Di giorno vivevamo tra l'aula, il refettorio, la sala ricreazione e quella di studio, con due appuntamenti alla chiesetta, uno la mattina, per una preghiera e l'altro la sera, per la messa ed i canti.

Dopo la cena ci venivano concesse un'ora di maggiore libertà nella sala di ricreazione, perché le suore avevano il loro ritiro spirituale e noi venivamo lasciate sotto la guardia più blanda di qualcuna delle ragazze più grandi, quelle che frequentavano l'università. Allora potevamo anche ascoltare qualche disco sul mangiadischi e sempre salvava fuori il famigerato ' Je t'aime 'che proprio in quei mesi aveva visto sorgere e crescere a dismisura la sua esplosiva popolarità. Che sospiri... li cantava lei, Jane Birkin ma anche li esalavamo noi, ascoltandola con occhi sognanti!

Poi veniva l'ora di andare a dormite.

La camerata, ubicata al piano superiore, era vastissima e non era stata divisa in camerette: noi dormivamo ognuna un separé dalle pareti di legno, chiusi sul davanti con una tenda di stoffa. Dentro c'era il letto, un piccolo armadio, un lavandino, in bidè, un piccolo tavolo con la lampada e una sedia. Alle ventuno eravamo già tutte in camerata, ci veniva concessa mezz'ora per leggere o scrivere e poi ogni luce veniva spenta.

In fondo alla camerata, vicino alla porta d'ingresso, vi era il separé della suora nostra guardiana, una baffuta Cerbero di origini meridionali che a malapena parlava l'italiano. Era assai severa, o almeno ci provava ma, tolti i paludamenti neri del giorno e indossati quelli candidi della notte, spente le luci, sicuramente stanca da una lunga giornata di lavoro, dato che erano le monache stesse ad eseguire ogni compito nel collegio: pulizie, lavanderia, cucina, orto e frutteto, crollava tragicamente, per lei, in un sonno profondissimo, russando sonoramente. Così allora noi tre o quattro più monelle sgusciavamo in silenzio dalle nostre cellette e ci infilavamo in quella della mia amica Dodo, che ara la cameretta più vasta ed aveva due lettini, invece che uno. Ci sedavamo l'una vicina all'altra ed andavamo via così, di chiacchiere a bassissima voce, fitte fitte, per buona parte della notte. Non fummo mai scoperte...

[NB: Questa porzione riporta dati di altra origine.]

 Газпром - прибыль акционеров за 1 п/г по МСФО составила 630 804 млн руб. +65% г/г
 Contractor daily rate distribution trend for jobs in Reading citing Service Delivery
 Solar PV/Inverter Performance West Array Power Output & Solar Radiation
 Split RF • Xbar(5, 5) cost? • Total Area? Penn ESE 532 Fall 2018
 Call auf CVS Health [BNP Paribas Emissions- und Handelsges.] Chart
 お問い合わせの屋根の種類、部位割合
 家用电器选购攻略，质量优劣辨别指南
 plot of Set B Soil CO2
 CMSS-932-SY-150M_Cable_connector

Ma io, evidentemente, soffrivo molto, mi venne una forte anemia, di certo mangiavamo pochissima carne, svenni un paio di volte ed ebbi diverse epistassi, di cui una richiese l'intervento di un medico per cauterizzare il capillare sanguinante.

Così, quando tornai a casa per le vacanze di Natale, mia madre decise di non farmi tornare più. Io accettai la sua decisione così come avevo accettato quella di andarvi ma devo dire che mi dispiacque anche parecchio, di non tornare, tanto, sola lo ero anche a casa, forse di più.

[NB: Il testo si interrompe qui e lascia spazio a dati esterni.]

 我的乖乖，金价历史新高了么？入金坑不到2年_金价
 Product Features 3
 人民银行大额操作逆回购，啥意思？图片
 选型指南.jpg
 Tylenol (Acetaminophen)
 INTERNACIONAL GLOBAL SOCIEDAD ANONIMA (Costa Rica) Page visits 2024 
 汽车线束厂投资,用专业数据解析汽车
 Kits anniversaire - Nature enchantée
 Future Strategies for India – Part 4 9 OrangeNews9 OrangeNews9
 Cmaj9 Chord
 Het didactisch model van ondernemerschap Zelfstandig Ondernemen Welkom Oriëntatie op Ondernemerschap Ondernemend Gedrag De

Per parecchi mesi mi scrissi con le amiche lasciate là, poi.. beh, si sa com'è la vita: ciò che sembra eterno non lo è mai.

Ripresi allora a frequentare la mia classe al ginnasio e tornai con il mio Carlo, con buona pace di tutti gli zii impiccioni. Per qualche mese conservai la pronuncia aspirata fiorentina e quell'aria un po' spocchiosa che mi si era attaccata addosso, frequentando ragazze così ricche. Mi feci comprare anche da mia madre dei vestiti assai femminili e belli, di certo per emulare le bellissime donne viste a teatro e per le vie smaglianti di quella favolosa metropoli. Ma ciò durò pochi mesi ancora.

A primavera era già sulla sella della mia moto a correre come una pazza per le mie amate e profumate colline.